Event Display Description
exec EXEC Process executions (fork/exec syscalls)
connect CONNECT Outgoing network connections (connect syscall)
accept ACCEPT Incoming network connections (accept syscall)
socket_data SEND/RECV Socket data transfers (sendto/recvfrom syscalls)
mmap MMAP Memory mappings with executable permissions
mprotect MPROTECT Memory protection changes adding exec permission

Data Flow:

eBPF Monitor → Telemetry Collector → IPC Writer → Persist Service → CloudWatch Logs

CloudWatch Log Streams (per job):

Log Group: /joblet/{node_id}
  - {job_uuid}-logs           # stdout/stderr logs
  - {job_uuid}-metrics        # Resource metrics
  - {job_uuid}-exec-events    # Process execution events (eBPF)
  - {job_uuid}-connect-events # Network connection events (eBPF)
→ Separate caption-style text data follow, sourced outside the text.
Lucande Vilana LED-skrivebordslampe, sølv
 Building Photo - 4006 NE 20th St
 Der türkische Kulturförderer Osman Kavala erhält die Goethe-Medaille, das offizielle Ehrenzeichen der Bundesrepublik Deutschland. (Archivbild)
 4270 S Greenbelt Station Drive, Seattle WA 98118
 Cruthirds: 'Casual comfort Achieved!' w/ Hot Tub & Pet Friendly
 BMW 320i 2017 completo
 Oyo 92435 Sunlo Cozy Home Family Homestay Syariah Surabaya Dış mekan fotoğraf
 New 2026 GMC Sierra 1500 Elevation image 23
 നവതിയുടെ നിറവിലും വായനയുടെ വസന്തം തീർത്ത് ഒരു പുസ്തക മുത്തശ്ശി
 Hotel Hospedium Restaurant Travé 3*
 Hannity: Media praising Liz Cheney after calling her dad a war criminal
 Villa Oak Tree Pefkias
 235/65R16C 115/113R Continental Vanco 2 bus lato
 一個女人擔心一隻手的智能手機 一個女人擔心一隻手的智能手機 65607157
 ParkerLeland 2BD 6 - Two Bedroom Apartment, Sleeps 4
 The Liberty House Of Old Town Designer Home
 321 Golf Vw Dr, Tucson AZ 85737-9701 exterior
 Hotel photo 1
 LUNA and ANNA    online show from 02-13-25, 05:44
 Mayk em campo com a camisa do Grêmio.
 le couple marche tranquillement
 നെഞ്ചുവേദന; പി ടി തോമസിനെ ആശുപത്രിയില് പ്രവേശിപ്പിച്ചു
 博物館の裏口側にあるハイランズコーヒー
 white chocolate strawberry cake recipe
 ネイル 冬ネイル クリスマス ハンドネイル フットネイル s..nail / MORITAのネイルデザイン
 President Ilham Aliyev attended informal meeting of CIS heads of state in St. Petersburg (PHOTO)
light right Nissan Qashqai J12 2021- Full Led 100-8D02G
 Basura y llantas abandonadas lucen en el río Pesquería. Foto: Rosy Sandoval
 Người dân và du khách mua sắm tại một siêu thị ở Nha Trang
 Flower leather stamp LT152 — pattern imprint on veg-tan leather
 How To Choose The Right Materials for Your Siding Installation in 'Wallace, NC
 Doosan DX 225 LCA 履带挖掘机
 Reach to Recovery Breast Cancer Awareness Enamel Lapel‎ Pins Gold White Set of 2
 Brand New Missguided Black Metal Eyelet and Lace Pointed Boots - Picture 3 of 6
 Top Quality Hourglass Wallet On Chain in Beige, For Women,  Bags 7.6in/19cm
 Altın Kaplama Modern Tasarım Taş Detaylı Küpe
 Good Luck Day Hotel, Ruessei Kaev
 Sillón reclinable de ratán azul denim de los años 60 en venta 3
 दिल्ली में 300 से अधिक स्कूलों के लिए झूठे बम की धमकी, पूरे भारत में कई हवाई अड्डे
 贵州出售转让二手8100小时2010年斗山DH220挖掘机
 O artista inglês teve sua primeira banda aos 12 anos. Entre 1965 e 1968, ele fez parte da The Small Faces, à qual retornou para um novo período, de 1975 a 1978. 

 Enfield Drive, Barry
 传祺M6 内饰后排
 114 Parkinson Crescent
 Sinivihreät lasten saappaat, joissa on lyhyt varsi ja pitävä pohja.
Querying eBPF Events in CloudWatch Insights:

-- Find all processes executed by a job
fields @timestamp, pid, filename, args
| filter @logStream like "abc123-exec-events"
| sort @timestamp desc
| limit 100

-- Find network connections made by a job
fields @timestamp, pid, dst_addr, dst_port, protocol
| filter @logStream like "abc123-connect-events"
| sort @timestamp desc

-- Find jobs connecting to a specific database
fields @timestamp, job_uuid, pid, comm, dst_addr, dst_port
| filter dst_addr = "10.0.1.50" and dst_port = 5432
| sort @timestamp desc

-- Correlate process executions with network activity
fields @timestamp, @logStream
| filter @logStream like "-exec-events" or @logStream like "-connect-events"
| sort @timestamp desc
| limit 200

Local Storage (when CloudWatch is disabled):

eBPF events are stored locally in compressed JSONL format:

/opt/joblet/events/{job-uuid}/
├── exec_events.jsonl.gz     # Process execution events
└── connect_events.jsonl.gz  # Network connection events

Monitoring eBPF Event Volume:

# Check eBPF event storage usage
ssh server "du -sh /opt/joblet/events/*"

# Monitor event write rate (from persist logs)
ssh server "journalctl -u persist | grep 'Wrote.*events' | tail -20"

Configuration:

eBPF telematics is configured in joblet:

# /opt/joblet/config/config.yml
telemetry:
  activity:
    enabled: true  # Enable eBPF tracking
    events:
      exec: true     # Track process executions
      connect: true  # Track network connections
      file: false    # File access (high volume, disabled by default)

CloudWatch storage is configured in persist:

# /opt/joblet/config/persist.yml
storage:
  type: cloudwatch  # or "local" for standalone VMs
  cloudwatch:
    region: us-west-2
    log_group_prefix: /joblet

For additional help, run rnx monitor --help or see the troubleshooting guide.